1. A machine-implemented method, comprising:
passing a first set of parameter values to a perceptual model to obtain a first masked threshold to use to encode a first portion of a digital media item; and
passing a second set of parameter values to the perceptual model to obtain a second masked threshold to use to encode a second portion of the digital media item;
wherein the first set of parameter values are different than the second set of parameter values.
2. The method of claim 1, further comprising:
examining a bit count of encoding said first portion;
determining that the bit count does not satisfy a particular set of criteria; and
in response to determining that-the bit count does not satisfy the particular set of criteria, encoding said first portion based, at least partially, on said second set of parameter values.

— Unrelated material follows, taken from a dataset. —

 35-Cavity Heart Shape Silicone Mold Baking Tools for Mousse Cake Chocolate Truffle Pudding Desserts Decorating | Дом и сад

3. The method of claim 1, further comprising:
examining a bit count of encoding the first portion;
determining that the bit count does not satisfy a particular set of criteria; and
in response to determining that the bit count does not satisfy the particular set of criteria, encoding said second portion based, at least in part, on the second set of parameter values;
wherein said second portion is immediately subsequent to said first portion.
4. A machine-readable medium, comprising one or more sequences of instructions, which instructions, when executed by one or more processors, cause the one or more processors to perform the steps of:
passing a first set of parameter values to a perceptual model to obtain a first masked threshold to use to encode a first portion of a digital media item; and
passing a second set of parameter values to the perceptual model to obtain a second masked threshold to use to encode a second portion of the digital media item;
wherein the first set of parameter values are different than the second set of parameter values.

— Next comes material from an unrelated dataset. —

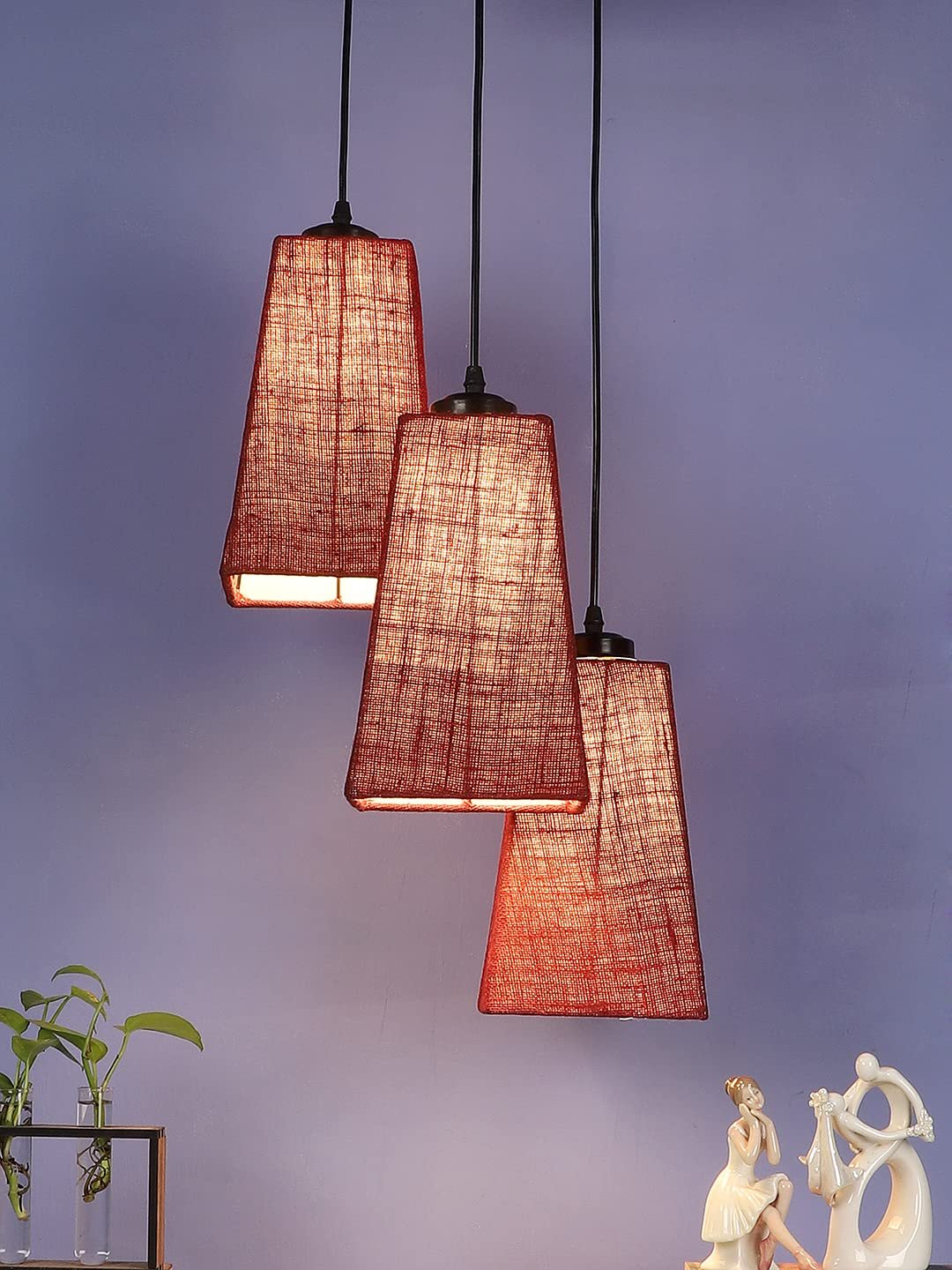 Maroon Jute Pyramid Cluster Hanging Lamp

5. The method of claim 4, wherein said instructions are instructions which, when executed by the one or more processors, further cause the one or more processors to perform the steps of:
examining a bit count of encoding said first portion;
determining that the bit count does not satisfy a particular set of criteria; and
in response to determining that the bit count does not satisfy the particular set of criteria, encoding said first portion based, at least partially, on said second set of parameter values.
6. The method of claim 4, wherein said instructions are instructions which, when executed by the one or more processors, further cause the one or more processors to perform the steps of:
examining a bit count of encoding the first portion;
determining that the bit count does not satisfy a particular set of criteria; and
in response to determining that the bit count does not satisfy the particular set of criteria, encoding said second portion based, at least in part, on the second set of parameter values;
wherein said second portion is immediately subsequent to said first portion.

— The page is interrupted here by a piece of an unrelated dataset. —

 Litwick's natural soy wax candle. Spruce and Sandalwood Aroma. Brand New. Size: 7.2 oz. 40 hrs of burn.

7. A machine-implemented method for generating a target digital media item based on a source digital media item, comprising:
determining a first masked threshold based, at least in part, on a first portion of said source digital media item and a first set of parameter values;
generating a first portion of the target digital media item based on said first portion of said source digital media item and said first masked threshold;
determining a second masked threshold based, at least in part, on a second portion of said source digital media item and a second set of parameter values; and
generating a second portion of the target digital media item based on said second portion of said source digital media item and said second masked threshold;
wherein the first set of parameter values is different than the second set of parameter values.
8. The method of claim 7, wherein:
determining a first masked threshold includes passing said first set of parameter values to a perceptual model; and
determining a second masked threshold includes passing said second set of parameter values to said perceptual model.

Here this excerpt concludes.